Innovative Approaches to Teaching and Assessing English Language Learners

Guillermo Solano-Flores, Professor of Education, Stanford University

Guillermo Solano-Flores

Addressing EL Linguistic Heterogeneity. The performance of English language learners (ELs; students who are still developing English as a second language) on tests in English and in their first language is inconsistent across languages and across test items. This instability is due to the fact that every EL student has a unique combination of strengths in each language that is not possible to capture based on tests of English proficiency.  In addition, each item poses a unique set of linguistic challenges. One implication of this heterogeneity is that blanket testing approaches (providing the same form of accommodation to all EL students) are very limited in their effectiveness to promote fair, valid testing for these students.

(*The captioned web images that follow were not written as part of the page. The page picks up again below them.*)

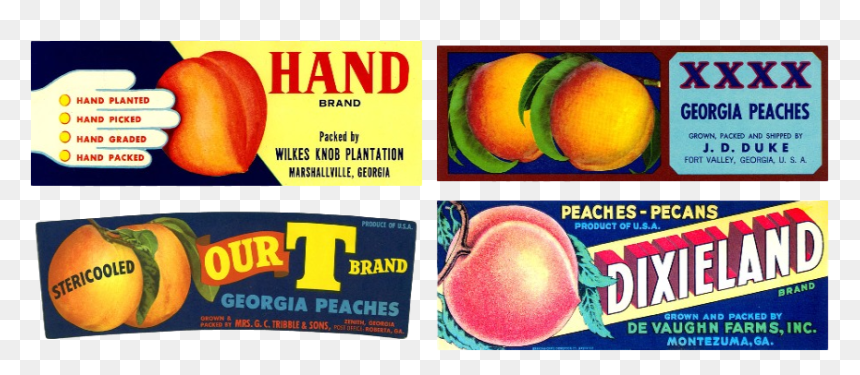 Peach, HD Png Download - peach png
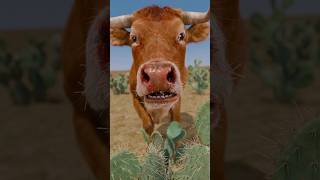 முட்கள் குத்தப்பட்ட மாடுகள் 😢 #navatalk #tamilstory #animation #stories #shorts #cow #cactus #spike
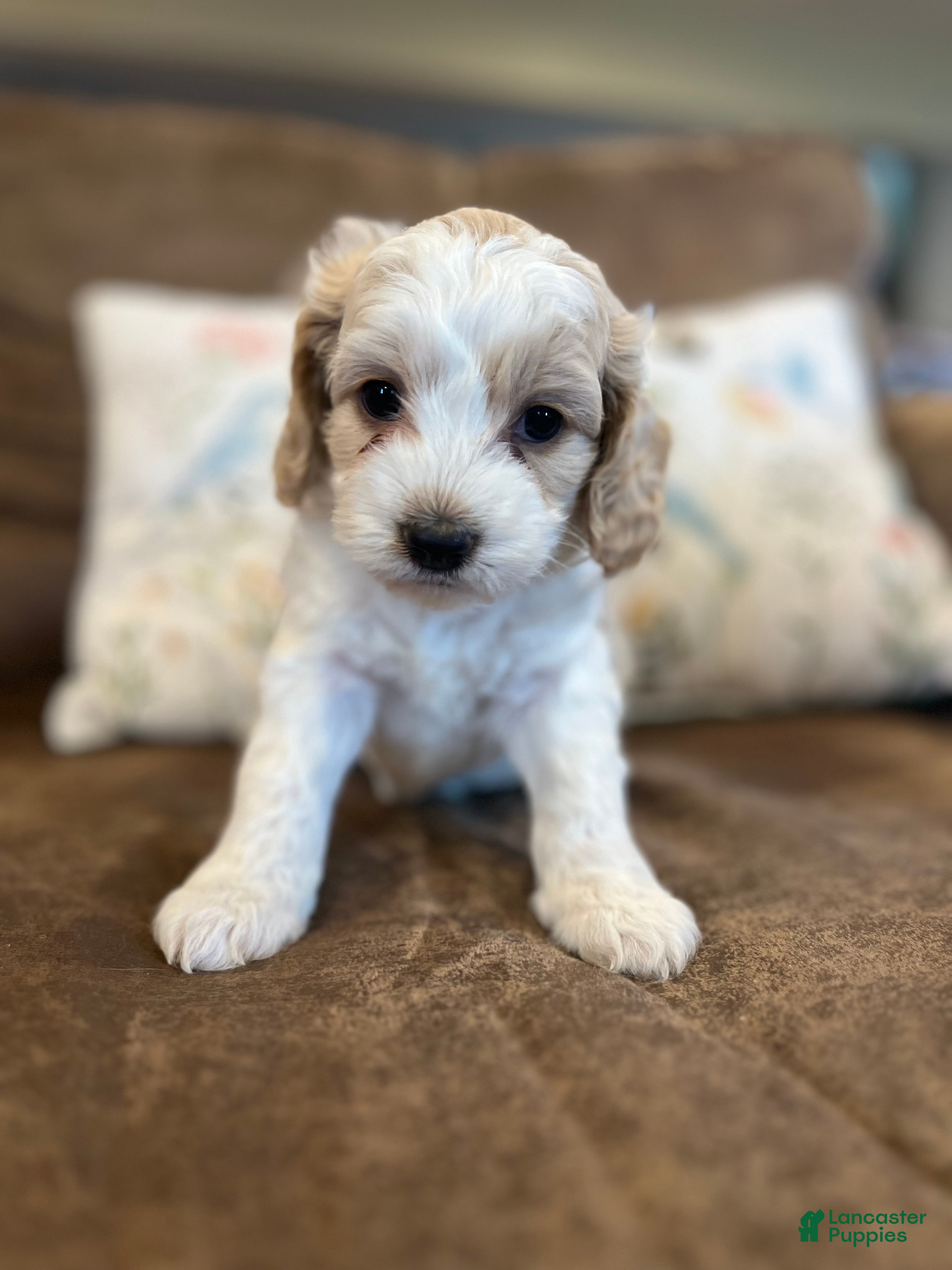 Cockapoo dogs Buff and white boy/black nose  - Ad 3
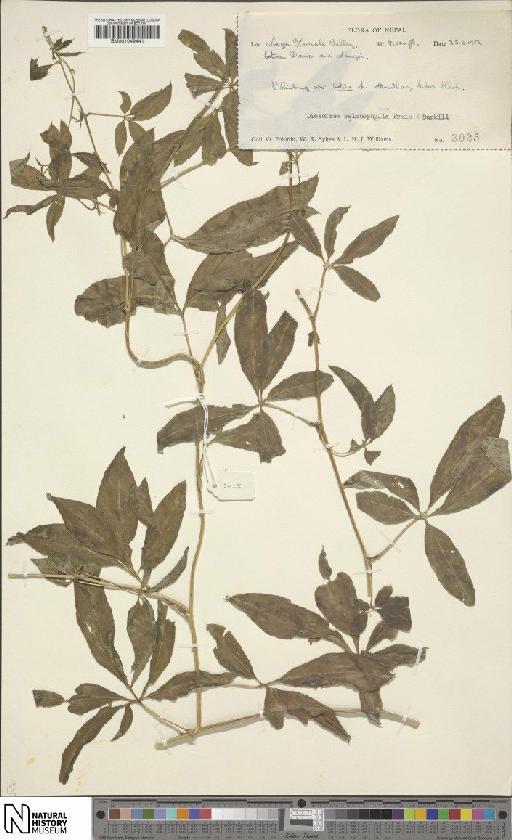 Dioscorea melanophyma Prain & Burkill - BM001049441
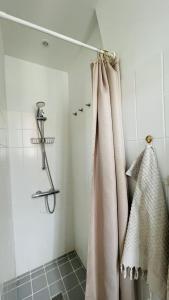 eine Dusche mit Duschvorhang im Bad in der Unterkunft ApartmentInCopenhagen Apartment 1511 in Kopenhagen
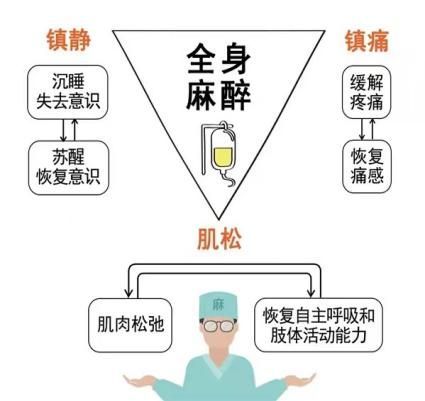 全身麻醉后認(rèn)知功能自我測試方法：全身麻醉后的認(rèn)知功能自我測試 其他寵物 第2張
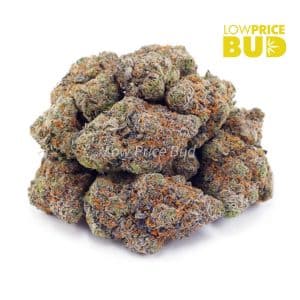 Buy Tropicana Cookies (AAAA) online Canada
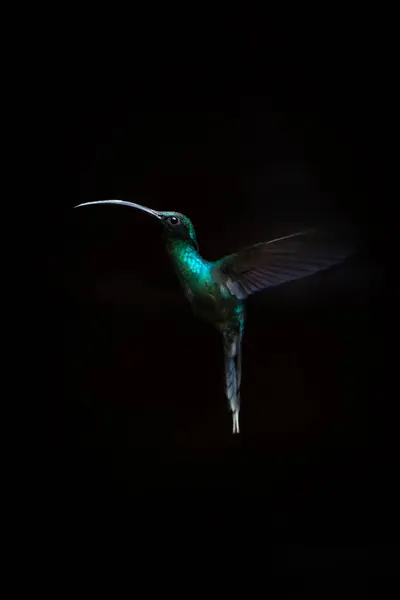 Geceleri uçan sinekkuşu.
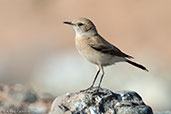 Desert Wheatear, Boumalne du Dades, Morocco, April 2014 - click for larger image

Design of illustrations as Testing Accommodations for ELs. Illustrations (visual representations of textual components) accompanying test items, constitute a promising form of accommodation for ELs in large-scale assessment. We have evidence that, in interpreting the content of test items, EL students use the content of illustrations to make sense of the text of items and they also use the text of the items to make sense of illustrations. This evidence provides the key to developing test items that are more accessible for ELs. However, to provide the intended support and minimize the visual complexity and cognitive demands of items, illustrations need to be carefully developed—which is costly and time consuming.

The importance of Social Interaction for EL Science Learning. Teacher-student social interaction is critical to promoting science learning among ELs. Unfortunately, teachers tend to spend most of their time interacting with the whole class, with limited social interaction with individuals or small groups of students. This limits the opportunities for teachers to understand ELs’ needs, support their language development through content learning, and integrate them socially into the classroom.

Conclusions. Lessons learned from my NSF-funded work indicate that effective teaching and assessment of English language learners largely depends on: 1) the ability of school and assessment systems to address students’ individual needs; 2) the commitment to allocate sufficient time and resources for the development of accommodations and resources accessible to ELs; and 3) the ability of educators to socially integrate ELs into their classrooms.